Lynch Mobs in the Era of Social Media

This case has a deep and embedded social media history that spans from almost the first moment the McStays went missing through trial, to post-trial.  What brought me to post originally was concern about the relentless cruelty I observed directed toward family members of the McStay victims. People on various forums went after Joseph’s mother and brother as if these two and entered their barbecue, insulted their partners and called their children ugly.

The attacks were vicious.  I had only a passing interest in the case prior to witnessing this, and as a non-millennial I was stunned by savagery of it.  I’d never realized before that there were so many people who wanted to verbalize a hate for someone they didn’t know.

And posters were cruel without any provocation or viable reason for that cruelty.  It reminded me of those cheesy driver’s education videos, where a person would seem civilized until they got behind the wheel of a car and then would suddenly transform to a bug-eyed potential serial killer. Social media, it seems, became the vehicle for otherwise polite, decent people to morph into monsters, without care or concern for what damage they might do to others.

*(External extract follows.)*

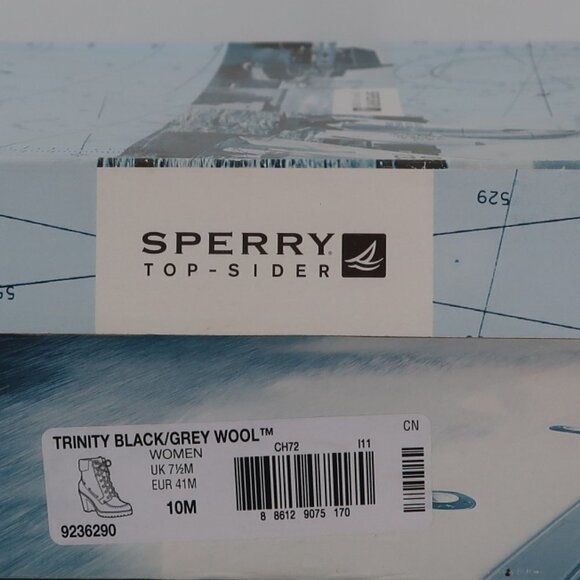 Sperry's Women's Trinity Black Gray Wool Lined Boot Size 10 Box included - Picture 2 of 8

Irony was that most of those posting were pretty damn old. These were not millennials.  And most professed a love of God, a devotion to their faith, but apparently this devotion did not carry over to basic human decency when they settled in behind their computers and clicked their way onto a forum discussing this case.

So justice warrior that I am, I joined the conversation hoping that I might quell the ravenous beast, devouring all social tenets of decency.  I do think it did some good. I think there were many of us who shared the same concerns, and once these were vocalized (or posted) on at least many (not all) forums, the attacks against family members of the McStay victims subsided. There were, of course, those whose addiction to brutality by way of internet posts, couldn’t be tempered, but for the most part people were not as unkind as before.  But here I am now, posting about a wrongful conviction, not what I intended or ever guessed I would be discussing about this case.  I don’t take lightly the true issues of justice at play here, but I think there are lessons to be learned that transcend the trial and even the wrongful conviction that all this “sound and fury” resulted in.

Social media is bleeding into our lives in a way, as someone pre-millennial, I never would have guessed it would.

And most remarkable to me, I viewed what I am convinced was a bleed from posts on this case into our actual courts, entering trial, even.  #notwhatIexpected.  I can’t tell if this is a good thing, a bad thing, or it-makes-no-real-difference thing.